WHAT IS REQUIRED
Write each line of the material exactly as given, from the top through the line that contains "Enter the sunny", and omit all pictures.

GIVEN INFORMATION
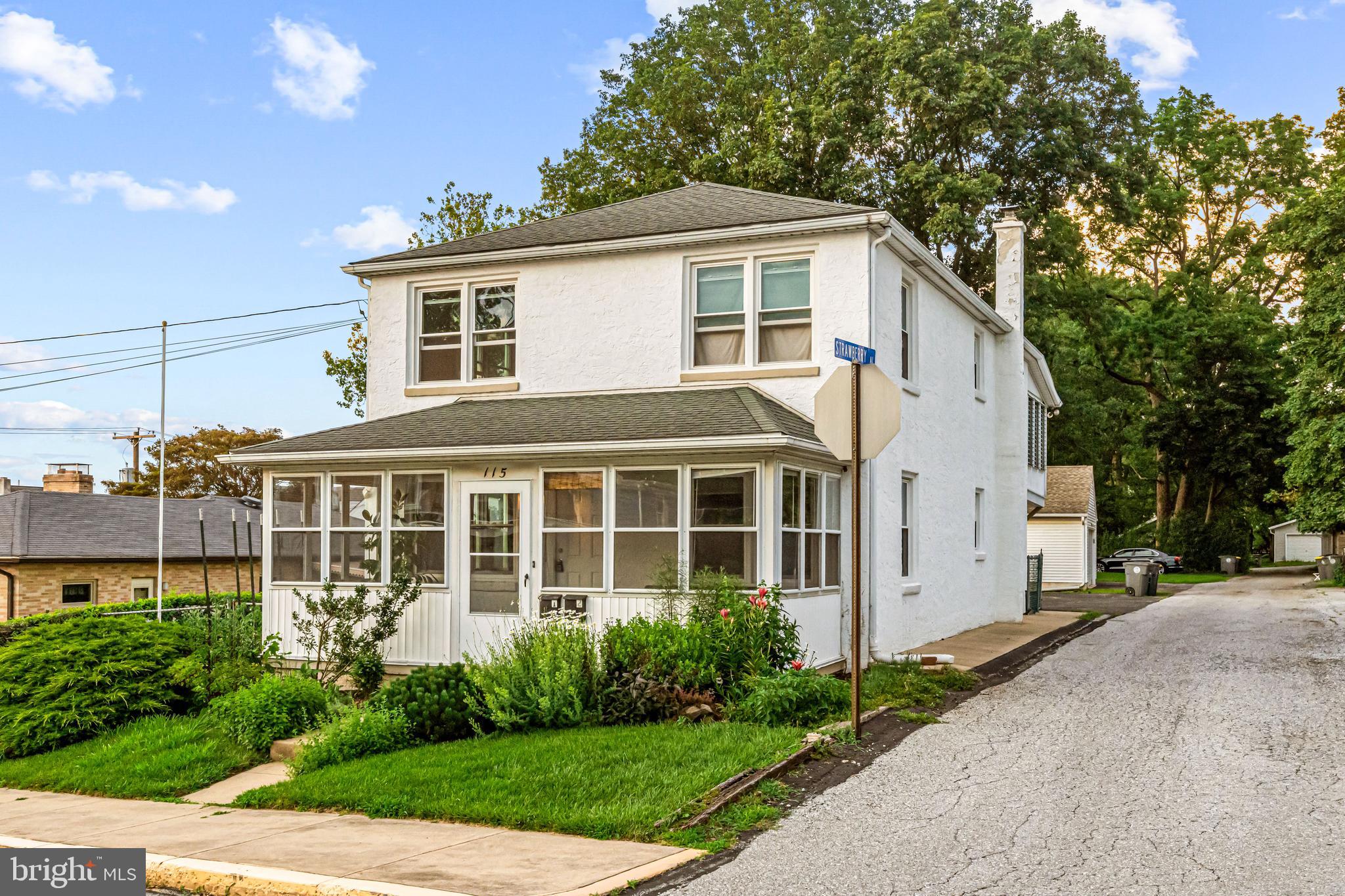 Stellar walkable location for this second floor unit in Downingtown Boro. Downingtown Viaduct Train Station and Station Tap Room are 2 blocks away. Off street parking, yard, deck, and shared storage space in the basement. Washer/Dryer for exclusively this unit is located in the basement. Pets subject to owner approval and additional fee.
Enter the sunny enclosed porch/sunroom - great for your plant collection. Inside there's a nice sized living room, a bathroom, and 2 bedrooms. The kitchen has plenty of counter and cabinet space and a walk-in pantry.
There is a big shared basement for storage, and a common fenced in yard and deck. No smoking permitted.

OUTPUT OF THE EXERCISE
 Stellar walkable location for this second floor unit in Downingtown Boro. Downingtown Viaduct Train Station and Station Tap Room are 2 blocks away. Off street parking, yard, deck, and shared storage space in the basement. Washer/Dryer for exclusively this unit is located in the basement. Pets subject to owner approval and additional fee.
Enter the sunny enclosed porch/sunroom - great for your plant collection. Inside there's a nice sized living room, a bathroom, and 2 bedrooms. The kitchen has plenty of counter and cabinet space and a walk-in pantry.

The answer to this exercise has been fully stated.